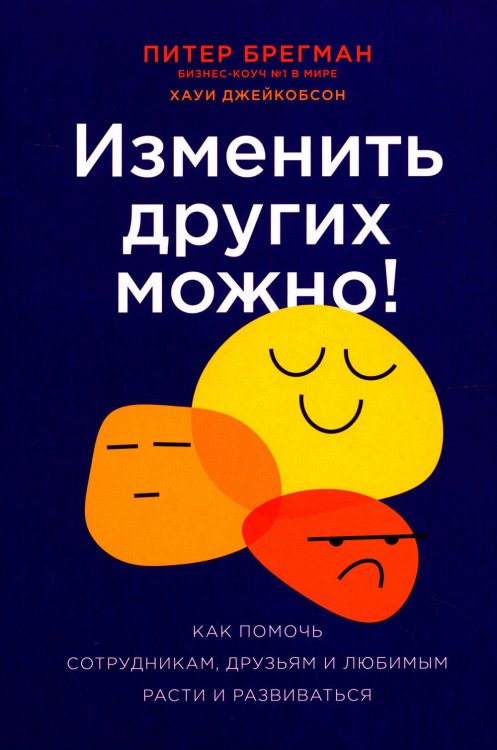Изменить других можно! Как помочь сотрудникам, друзьям и любимым расти и развиваться Изменить других можно! Как помочь сотрудникам, друзьям и любимым расти и развиваться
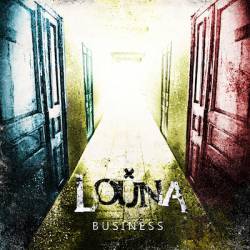 Louna : Business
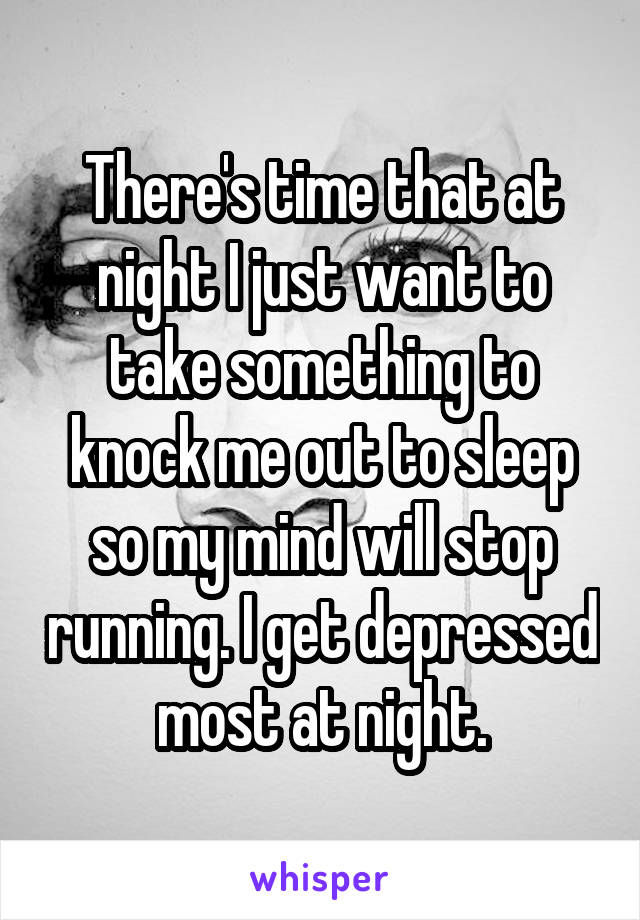 There's time that at night I just want to take something to knock me out to sleep so my mind will stop running. I get depressed most at night.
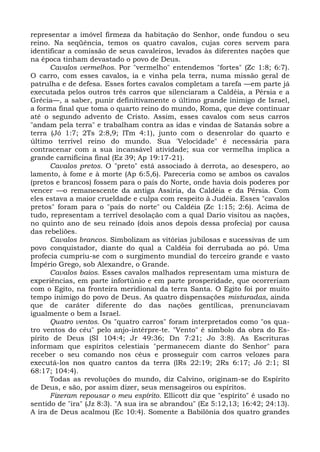 representar a imóvel firmeza da habitação do Senhor, onde fundou o seu
reino. Na seqüência, temos os quatro cavalos, cujas cores servem para
identificar a comissão de seus cavaleiros, levados às diferentes nações que
na época tinham devastado o povo de Deus.
      Cavalos vermelhos. Por "vermelho" entendemos "fortes" (Zc 1:8; 6:7).
O carro, com esses cavalos, ia e vinha pela terra, numa missão geral de
patrulha e de defesa. Esses fortes cavalos completam a tarefa —em parte já
executada pelos outros três carros que silenciaram a Caldéia, a Pérsia e a
Grécia—, a saber, punir definitivamente o último grande inimigo de Israel,
a forma final que toma o quarto reino do mundo, Roma, que deve continuar
até o segundo advento de Cristo. Assim, esses cavalos com seus carros
"andam pela terra" e trabalham contra as idas e vindas de Satanás sobre a
terra (Jó 1:7; 2Ts 2:8,9; lTm 4:1), junto com o desenrolar do quarto e
último terrível reino do mundo. Sua 'Velocidade" é necessária para
contracenar com a sua incansável atividade; sua cor vermelha implica a
grande carnificina final (Ez 39; Ap 19:17-21).
      Cavalos pretos. O "preto" está associado à derrota, ao desespero, ao
lamento, à fome e à morte (Ap 6:5,6). Pareceria como se ambos os cavalos
(pretos e brancos) fossem para o país do Norte, onde havia dois poderes por
vencer —o remanescente da antiga Assíria, da Caldéia e da Pérsia. Com
eles estava a maior crueldade e culpa com respeito à Judéia. Esses "cavalos
pretos" foram para o "país do norte" ou Caldéia (Zc 1:15; 2:6). Acima de
tudo, representam a terrível desolação com a qual Dario visitou as nações,
no quinto ano de seu reinado (dois anos depois dessa profecia) por causa
das rebeliões.
      Cavalos brancos. Simbolizam as vitórias jubilosas e sucessivas de um
povo conquistador, diante do qual a Caldéia foi derrubada ao pó. Uma
profecia cumpriu-se com o surgimento mundial do terceiro grande e vasto
Império Grego, sob Alexandre, o Grande.
      Cavalos baios. Esses cavalos malhados representam uma mistura de
experiências, em parte infortúnio e em parte prosperidade, que ocorreriam
com o Egito, na fronteira meridional da terra Santa. O Egito foi por muito
tempo inimigo do povo de Deus. As quatro dispensações misturadas, ainda
que de caráter diferente do das nações gentílicas, prenunciavam
igualmente o bem a Israel.
      Quatro ventos. Os "quatro carros" foram interpretados como "os qua-
tro ventos do céu" pelo anjo-intérpre-te. "Vento" é símbolo da obra do Es-
pírito de Deus (SI 104:4; Jr 49:36; Dn 7:21; Jo 3:8). As Escrituras
informam que espíritos celestiais "permanecem diante do Senhor" para
receber o seu comando nos céus e prosseguir com carros velozes para
executá-los nos quatro cantos da terra (lRs 22:19; 2Rs 6:17; Jó 2:1; SI
68:17; 104:4).
      Todas as revoluções do mundo, diz Calvino, originam-se do Espírito
de Deus, e são, por assim dizer, seus mensageiros ou espíritos.
      Fizeram repousar o meu espírito. Ellicott diz que "espírito" é usado no
sentido de "ira" (Jz 8:3). "A sua ira se abrandou" (Ez 5:12,13; 16:42; 24:13).
A ira de Deus acalmou (Ec 10:4). Somente a Babilônia dos quatro grandes
 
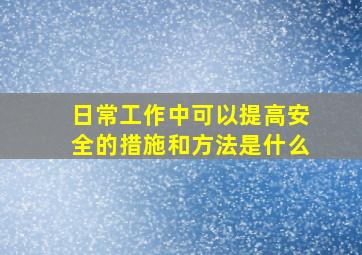 日常工作中可以提高安全的措施和方法是什么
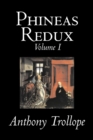 Phineas Redux, Volume I of II by Anthony Trollope, Fiction, Literary - Book
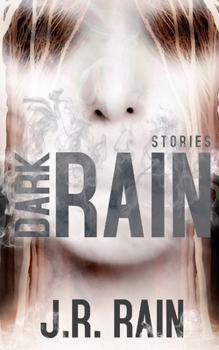 Dark Rain: Stories (Collections Book 3)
━━━━━━━━━━━━━━━━
# WHAT YOU ARE ASKED TO DO
The reply should hold only the lines running from the top of the records to the line containing "reino. Na seqüência, temos", both included, copied exactly with no pictures.

# ANSWER TO THIS PROBLEM
Изменить других можно! Как помочь сотрудникам, друзьям и любимым расти и развиваться Изменить других можно! Как помочь сотрудникам, друзьям и любимым расти и развиваться
 Louna : Business
 There's time that at night I just want to take something to knock me out to sleep so my mind will stop running. I get depressed most at night.
 representar a imóvel firmeza da habitação do Senhor, onde fundou o seu
reino. Na seqüência, temos os quatro cavalos, cujas cores servem para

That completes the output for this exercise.